When it was first mooted as an idea, the concept of structured asics seemed very sound and promised to be the solution to a set of very significant problems. These problems had been growing in importance to the point where the number of asics being designed each year was declining drastically – and that trend is still continuing.
According to Gartner Dataquest, 1996 was the best year for asic designs, with around 11,000 devices. The number of asics being designed today is less than one third of that number. However, those designs are much more expensive, which means the overall value of the asic market has not declined. What is clear is that this situation cannot continue and, with asic starts continuing to decline, the market must begin to fall.
So why have asic designs starts decreased? This is fundamentally a problem of the non recurring engineering (NRE) charge, the cost that an asic designer pays to get the masks made and the first samples delivered. Back in the 1990s, typical NREs were less than $100,000 and there were a large number of designs that could deal with charges like this.

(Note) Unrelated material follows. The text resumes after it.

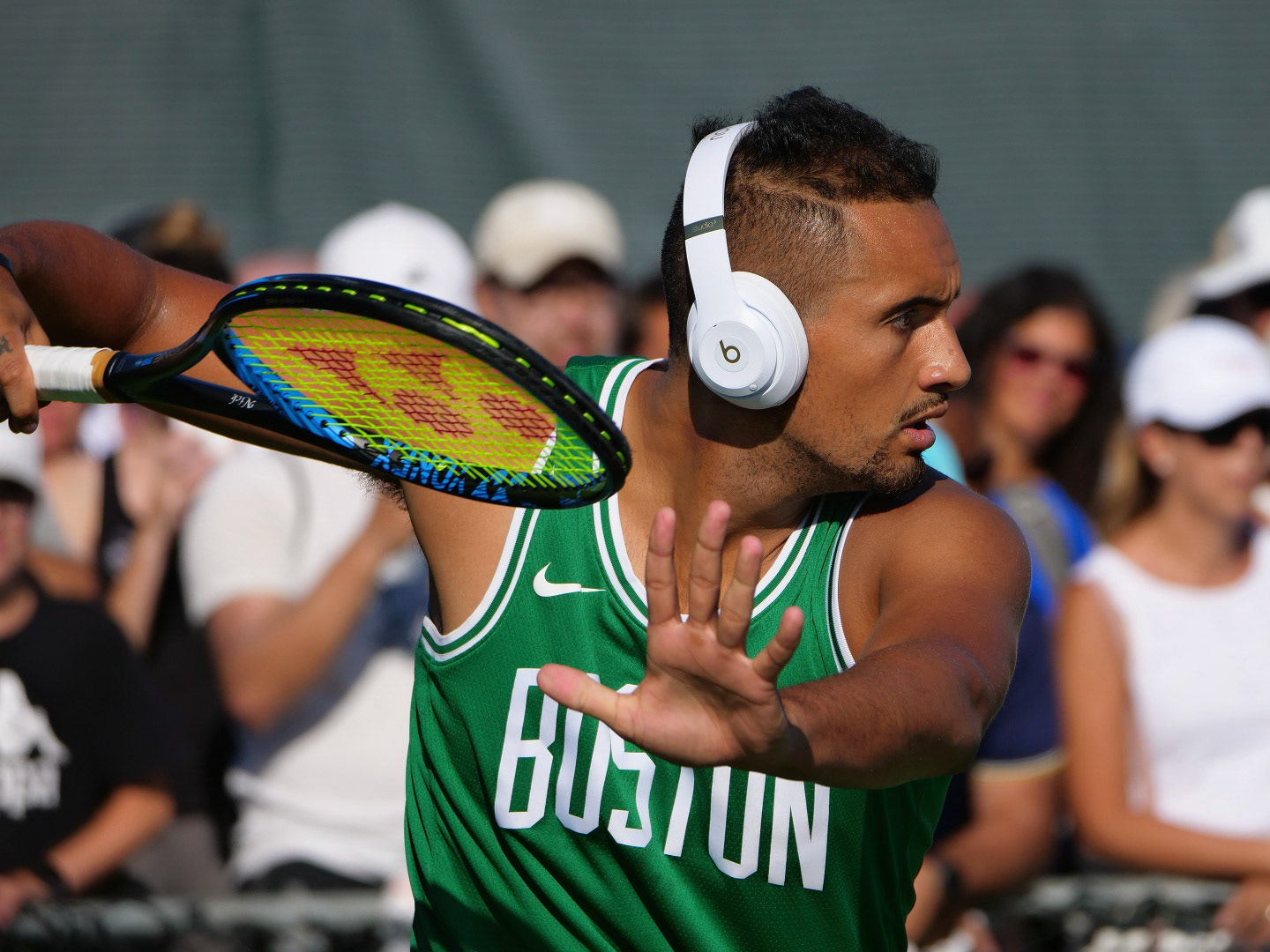 Nick Kyrgios, Coupe Rogers 2019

If your product sells in volumes of 100,000 per year, than an NRE of $100,000 only adds $1 per part to the first year's costs. And, in the 1990s, enough products sold in sufficient volume that such an NRE was an acceptable tradeoff in order to get custom silicon optimised to the application and at a low unit price.
However, modern NREs are of the order of millions of dollars and there are very few applications that run to sufficient volumes to justify such a high up front cost. A further complication is that asic manufacturers will typically not be interested in accepting such a design unless they see significant wafer volume – and, with 12in/300mm wafers becoming the norm, that means spectacular volumes of chips.
With the exception of mobile phones and other handheld devices and video games, there really aren't that many designs which justify creating asics.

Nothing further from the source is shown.